┌──

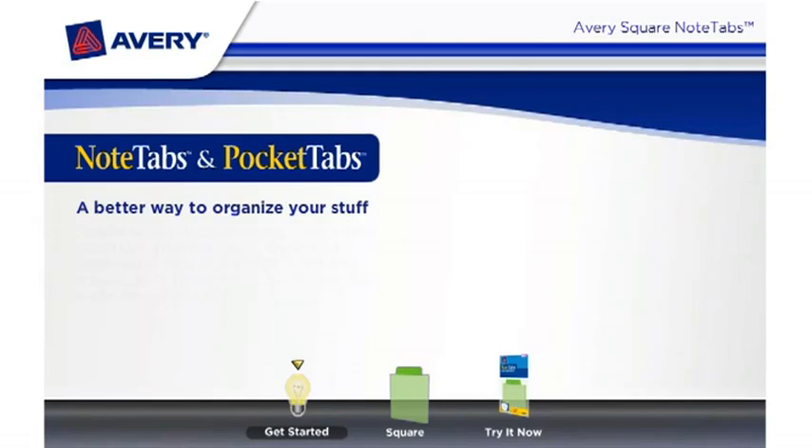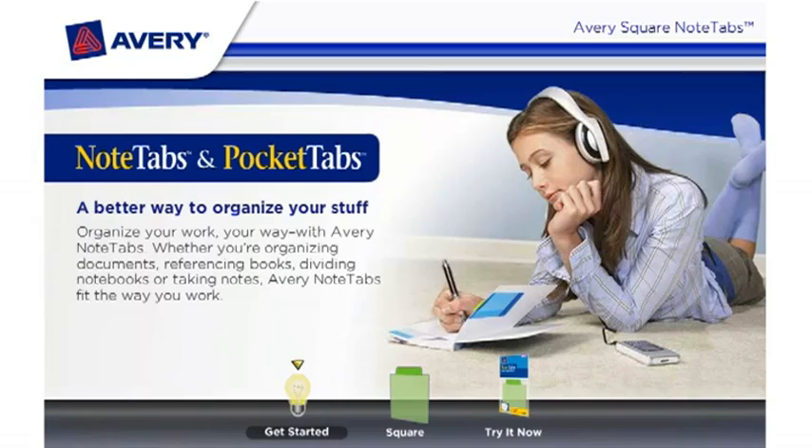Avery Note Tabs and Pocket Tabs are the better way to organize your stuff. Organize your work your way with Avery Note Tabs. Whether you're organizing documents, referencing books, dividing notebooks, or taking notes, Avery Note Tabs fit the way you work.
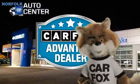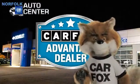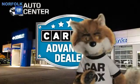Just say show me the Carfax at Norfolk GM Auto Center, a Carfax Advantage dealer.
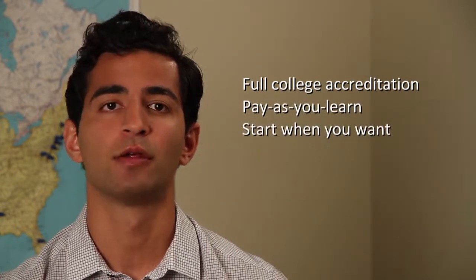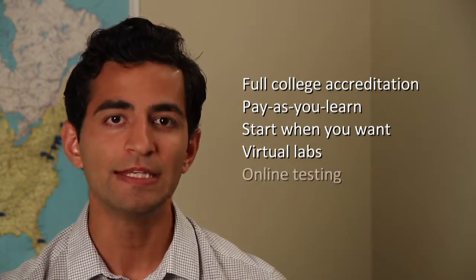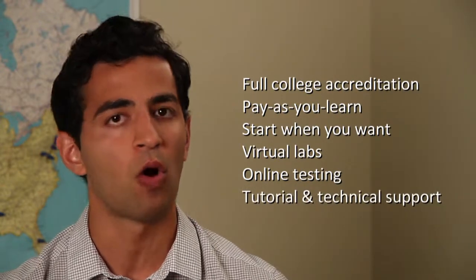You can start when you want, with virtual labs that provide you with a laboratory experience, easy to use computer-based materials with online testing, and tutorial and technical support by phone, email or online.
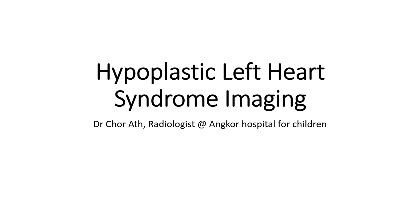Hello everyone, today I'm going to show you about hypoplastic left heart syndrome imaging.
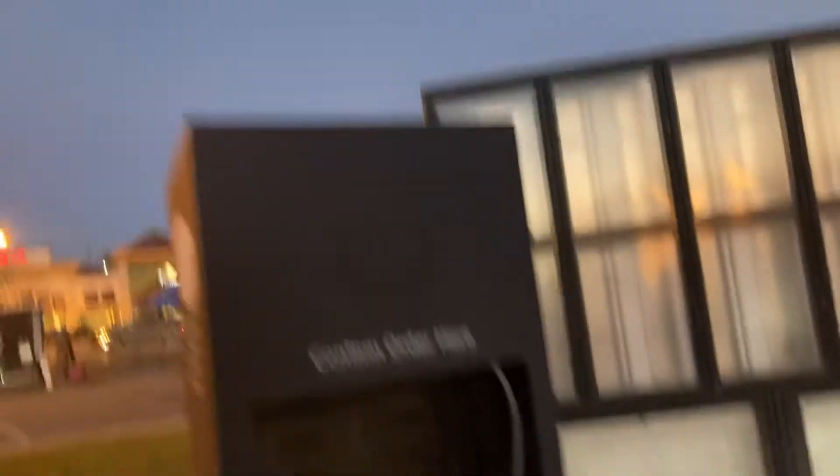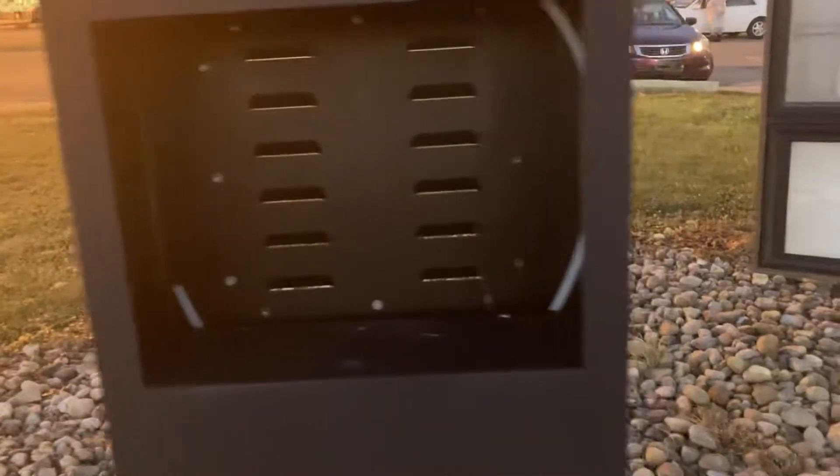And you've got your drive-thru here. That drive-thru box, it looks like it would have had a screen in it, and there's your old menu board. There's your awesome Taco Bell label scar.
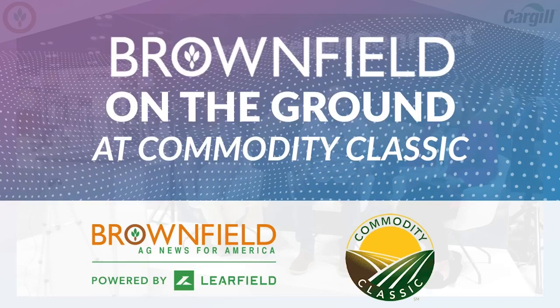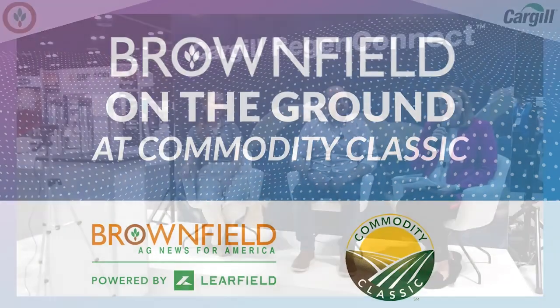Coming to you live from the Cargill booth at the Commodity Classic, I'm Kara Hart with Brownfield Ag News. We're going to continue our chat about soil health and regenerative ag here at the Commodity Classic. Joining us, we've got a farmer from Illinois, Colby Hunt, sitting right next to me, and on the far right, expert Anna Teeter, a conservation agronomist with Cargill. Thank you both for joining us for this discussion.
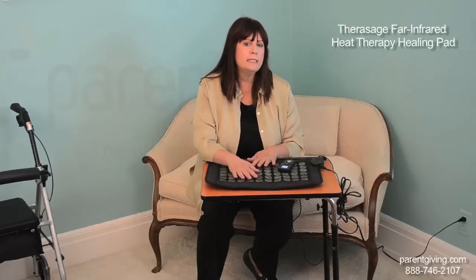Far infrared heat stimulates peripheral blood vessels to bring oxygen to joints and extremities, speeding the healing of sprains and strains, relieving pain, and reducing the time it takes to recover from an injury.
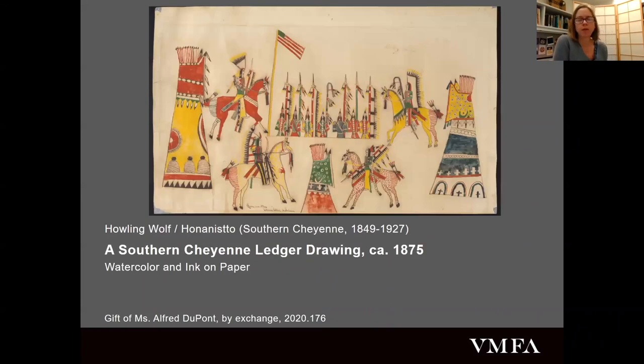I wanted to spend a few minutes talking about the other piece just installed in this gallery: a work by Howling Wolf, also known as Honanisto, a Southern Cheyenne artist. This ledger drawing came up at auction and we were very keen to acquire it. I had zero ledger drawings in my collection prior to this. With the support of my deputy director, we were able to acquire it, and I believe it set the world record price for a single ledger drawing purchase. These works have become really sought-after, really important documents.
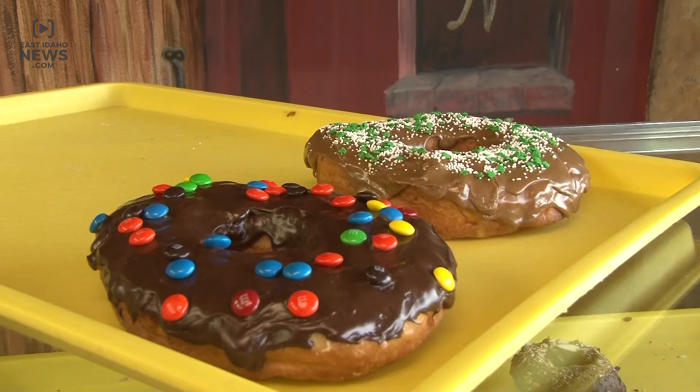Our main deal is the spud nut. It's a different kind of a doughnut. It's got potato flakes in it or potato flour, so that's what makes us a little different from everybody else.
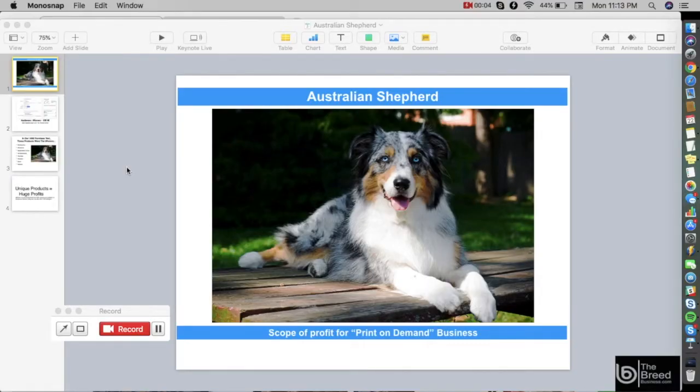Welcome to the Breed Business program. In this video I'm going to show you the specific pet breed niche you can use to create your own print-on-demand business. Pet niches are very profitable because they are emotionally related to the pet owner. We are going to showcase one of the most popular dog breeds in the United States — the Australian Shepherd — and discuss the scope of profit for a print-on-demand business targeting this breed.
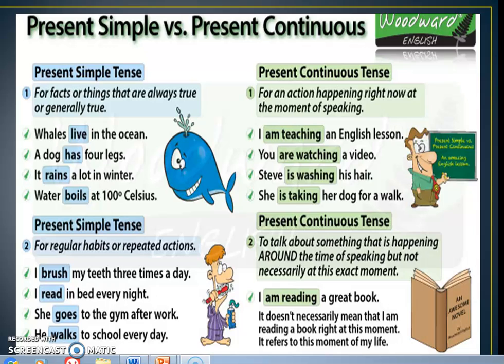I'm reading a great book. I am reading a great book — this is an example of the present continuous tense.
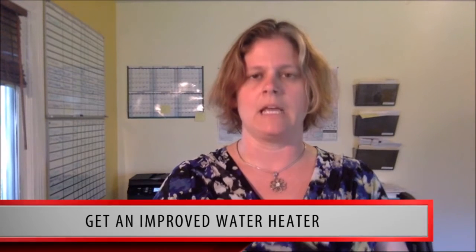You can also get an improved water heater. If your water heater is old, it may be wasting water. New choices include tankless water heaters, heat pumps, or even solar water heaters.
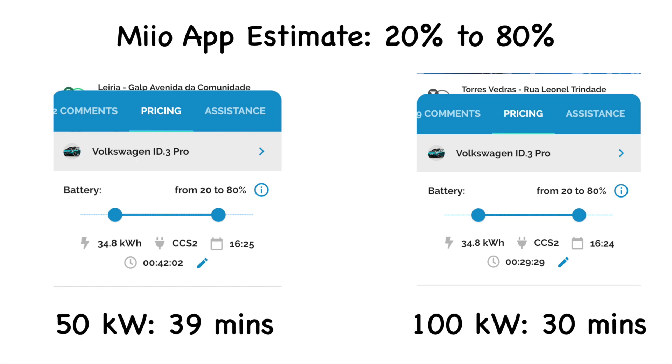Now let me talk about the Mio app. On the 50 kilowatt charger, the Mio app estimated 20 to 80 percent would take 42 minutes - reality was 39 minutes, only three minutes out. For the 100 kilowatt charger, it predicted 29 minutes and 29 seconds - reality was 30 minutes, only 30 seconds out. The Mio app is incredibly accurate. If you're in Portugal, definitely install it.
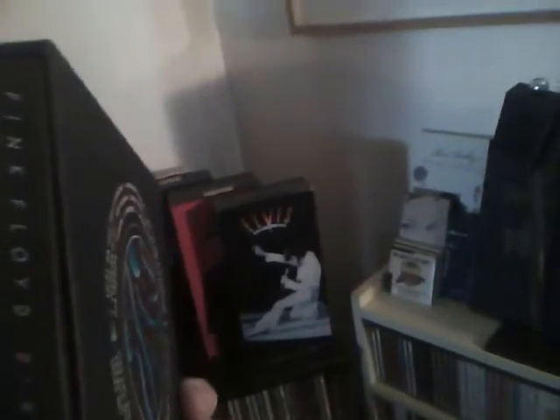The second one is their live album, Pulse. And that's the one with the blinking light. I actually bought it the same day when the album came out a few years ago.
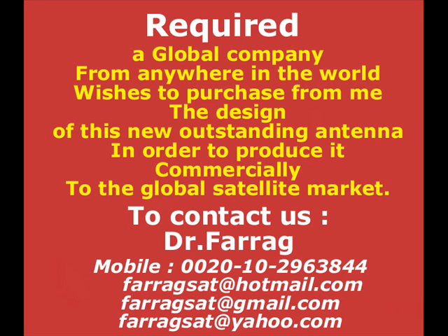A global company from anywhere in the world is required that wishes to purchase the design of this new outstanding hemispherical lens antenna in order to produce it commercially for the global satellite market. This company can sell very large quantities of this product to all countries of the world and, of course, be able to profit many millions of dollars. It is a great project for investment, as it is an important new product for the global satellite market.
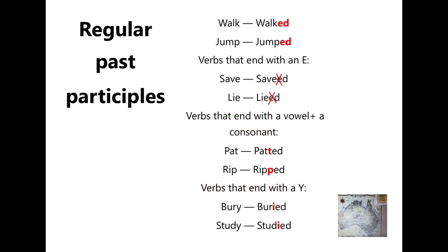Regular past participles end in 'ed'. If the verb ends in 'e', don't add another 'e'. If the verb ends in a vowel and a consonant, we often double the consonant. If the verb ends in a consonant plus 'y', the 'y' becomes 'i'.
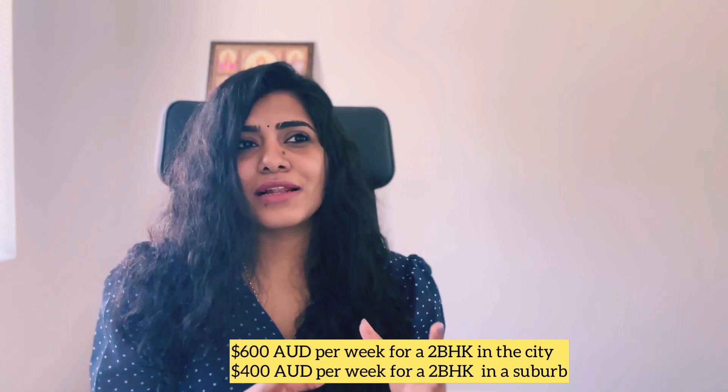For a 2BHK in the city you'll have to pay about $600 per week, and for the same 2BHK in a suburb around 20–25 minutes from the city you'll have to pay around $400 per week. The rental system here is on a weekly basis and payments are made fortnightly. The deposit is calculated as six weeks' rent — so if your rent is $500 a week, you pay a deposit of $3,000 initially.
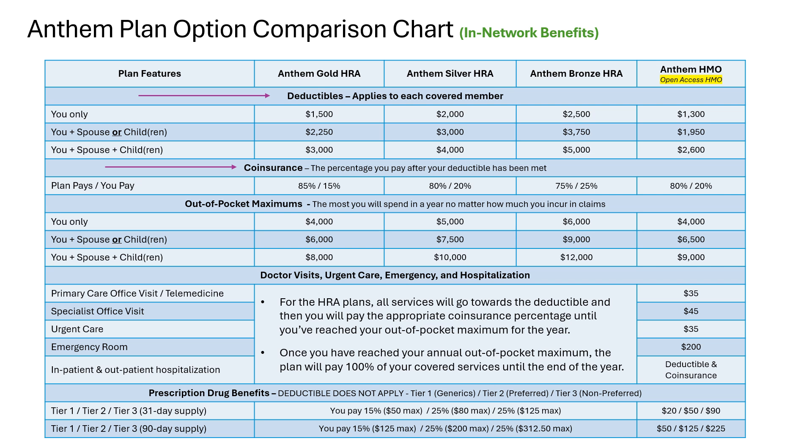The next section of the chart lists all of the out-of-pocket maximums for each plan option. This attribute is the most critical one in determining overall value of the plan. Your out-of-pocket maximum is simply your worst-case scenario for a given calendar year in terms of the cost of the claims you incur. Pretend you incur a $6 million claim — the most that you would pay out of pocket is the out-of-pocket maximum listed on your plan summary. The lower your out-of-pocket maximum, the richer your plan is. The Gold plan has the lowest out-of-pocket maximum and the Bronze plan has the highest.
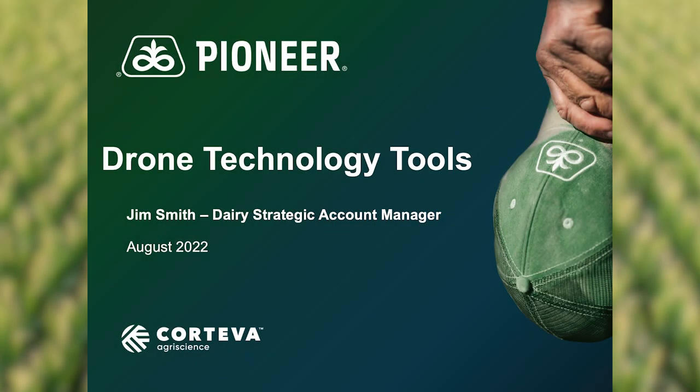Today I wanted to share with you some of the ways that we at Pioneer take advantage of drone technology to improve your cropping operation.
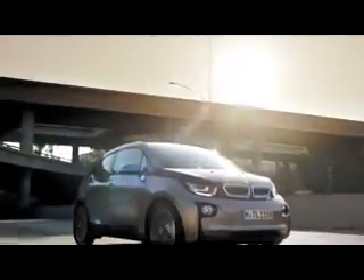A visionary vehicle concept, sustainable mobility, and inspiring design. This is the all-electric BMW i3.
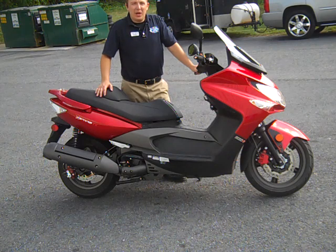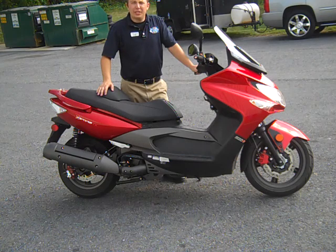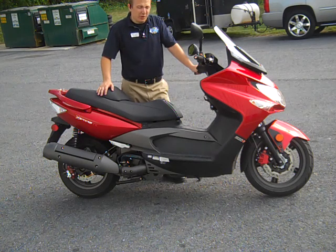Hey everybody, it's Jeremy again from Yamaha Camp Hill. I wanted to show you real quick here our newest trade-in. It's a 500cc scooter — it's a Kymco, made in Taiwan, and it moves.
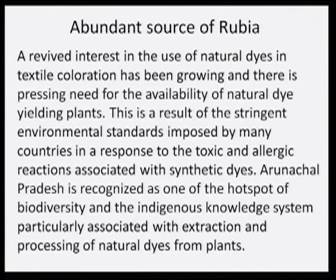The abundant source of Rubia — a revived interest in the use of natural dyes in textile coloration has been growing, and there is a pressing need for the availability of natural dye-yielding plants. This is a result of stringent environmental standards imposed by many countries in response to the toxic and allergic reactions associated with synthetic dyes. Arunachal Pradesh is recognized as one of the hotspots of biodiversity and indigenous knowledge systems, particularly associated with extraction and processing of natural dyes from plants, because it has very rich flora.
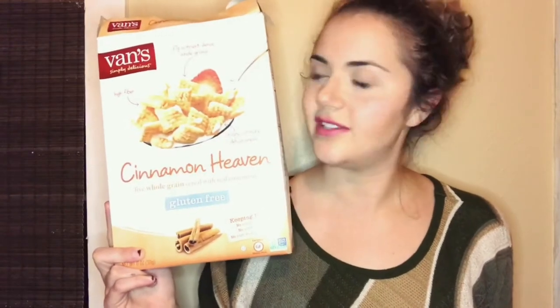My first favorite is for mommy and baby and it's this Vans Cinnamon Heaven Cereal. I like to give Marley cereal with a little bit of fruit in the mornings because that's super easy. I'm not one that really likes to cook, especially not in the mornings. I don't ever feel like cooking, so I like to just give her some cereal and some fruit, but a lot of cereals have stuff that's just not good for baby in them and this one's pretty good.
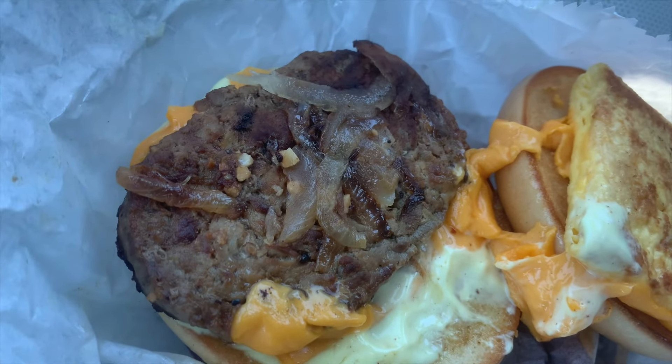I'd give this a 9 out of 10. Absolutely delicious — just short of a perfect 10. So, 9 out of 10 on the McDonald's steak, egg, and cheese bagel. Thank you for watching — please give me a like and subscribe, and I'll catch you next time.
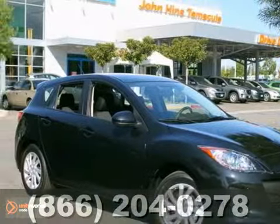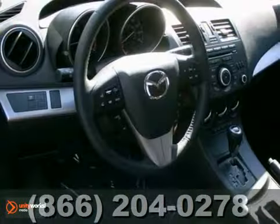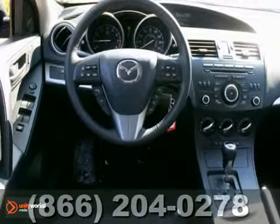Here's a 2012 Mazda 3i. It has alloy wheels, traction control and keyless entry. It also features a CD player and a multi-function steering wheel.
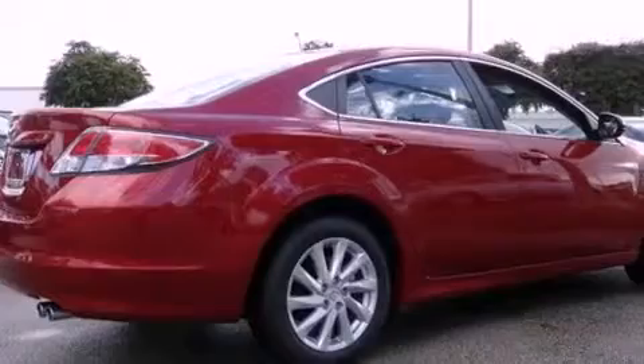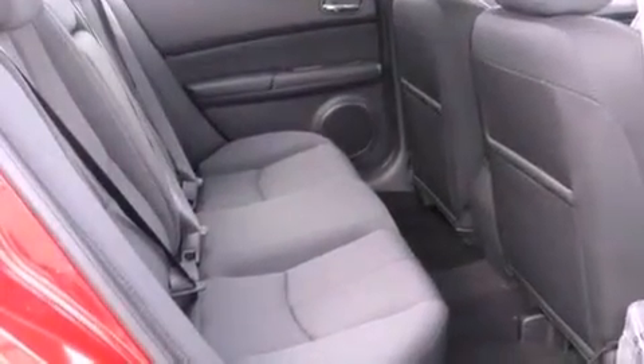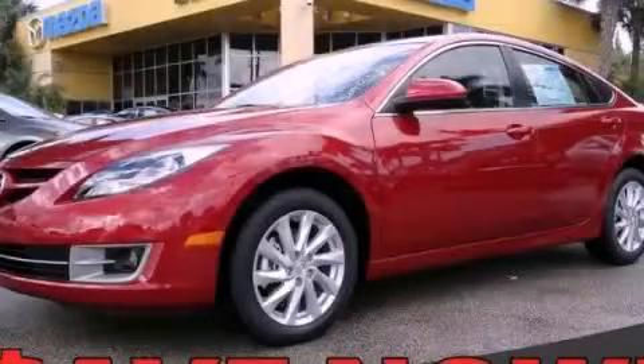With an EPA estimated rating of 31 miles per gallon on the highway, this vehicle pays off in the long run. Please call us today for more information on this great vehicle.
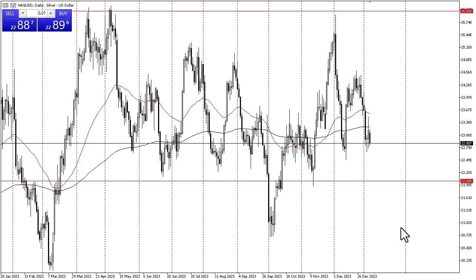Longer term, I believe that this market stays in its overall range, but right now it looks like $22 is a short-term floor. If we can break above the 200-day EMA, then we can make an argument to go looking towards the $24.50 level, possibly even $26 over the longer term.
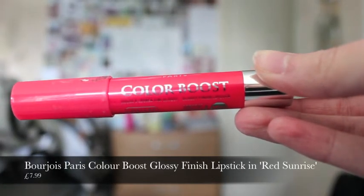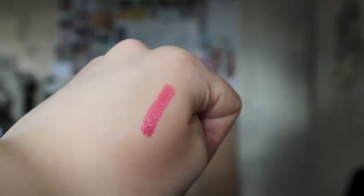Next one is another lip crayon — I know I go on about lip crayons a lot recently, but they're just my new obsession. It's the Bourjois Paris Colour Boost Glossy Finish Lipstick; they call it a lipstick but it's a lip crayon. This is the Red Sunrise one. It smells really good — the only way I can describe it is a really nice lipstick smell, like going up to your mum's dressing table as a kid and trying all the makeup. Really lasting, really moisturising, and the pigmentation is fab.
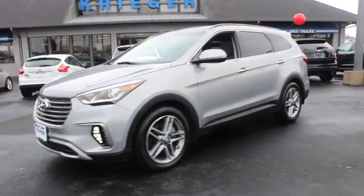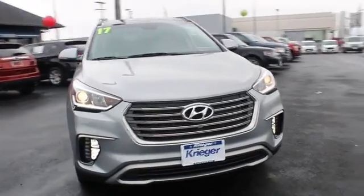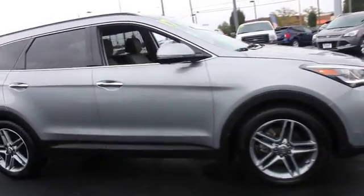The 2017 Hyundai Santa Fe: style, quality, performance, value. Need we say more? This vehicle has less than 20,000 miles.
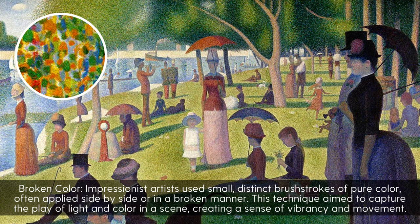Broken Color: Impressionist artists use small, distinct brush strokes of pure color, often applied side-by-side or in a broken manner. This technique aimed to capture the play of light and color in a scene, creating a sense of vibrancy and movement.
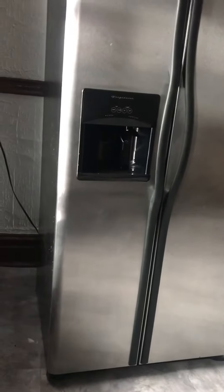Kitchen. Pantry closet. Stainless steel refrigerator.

└──

(What to produce): Only the lines from the one containing "Broken Color: Impressionist" through the end of the data above are to be output, exactly and without pictures.

(Solved problem):
Broken Color: Impressionist artists use small, distinct brush strokes of pure color, often applied side-by-side or in a broken manner. This technique aimed to capture the play of light and color in a scene, creating a sense of vibrancy and movement.
Kitchen. Pantry closet. Stainless steel refrigerator.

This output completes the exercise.